High Throughput Culturing of Coral Associated Microorganisms

Natascha Varona1, Raquel Peixoto1,2, Alexander J Hallock3, Guillaume Jopsin1, Maria Villancio-Wolter3, David Coil1 and Jonathan Eisen4, (1)University of California, Davis, Genome Center, Davis, CA, United States, (2)UFRJ Federal University of Rio de Janeiro, Rio De Janeiro, Brazil, (3)GALT Inc, San Carlos, CA, United States, (4)University of California, Davis, Department of Evolution and Ecology, Davis, CA, United States
Abstract:
The decline of coral reefs has led to an increasing search for strategies that could aid corals to cope with climate change and local impacts. Although the permanent solution to protect corals is the reduction of CO2 emissions, there is also an urgent need for the development of approaches that can protect native populations while we deal with the current consequences of global warming.
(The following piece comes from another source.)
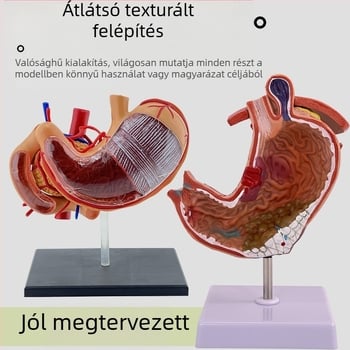 Emberi gyomor anatómiai modell — koronális metszet, patológiás gyomormodell perforációval, gasztroenterológiai képzés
The use of probiotics has been recently shown to ameliorate bleaching and disease impacts on coral in laboratory trials and more research is being conducted in order to evaluate the safety and efficiency of such an approach in the field. However, despite promising results, this strategy relies on the manipulation of culturable microorganisms, which can represent only ~1% of the total microbes associated with environmental samples. Once these microbial isolates are obtained from coral samples, the putative beneficial ones are selected and tested as probiotics. That means that only a very small portion of the total coral microbiome is being accessed and tested as potential health promoters, due to methodological limitations and hurdles associated with microbial culturing. Therefore, we used a microfabricated array based, high-throughput system to grow hundreds of colonies in parallel to rapidly and efficiently isolate microbes from coral samples. A total of 1054 isolates were recovered from replicated Montipora digitata fragments and preliminarily identified by 16S rDNA sequencing. The commonly coral associated genera were isolated, such as Vibrio sp., Alteromonas sp., and Bacillus sp, as well as some representatives of bacteria rarely or not yet cultured from corals, such as Azomonas sp., Phyllobacterium sp. and Hydrobacter sp. The rare or not yet isolated cells were then selected and glycerol stocked for ongoing genome analysis and deeper investigation about their identity and potential use as beneficial microorganisms for corals (BMC). The results indicated that the use of this high throughput system can allow the quick acquisition of high numbers of microbial cultures obtained from coral samples, including new and rare isolates, as well as facilitate the screening for specific functional traits or taxonomic identity.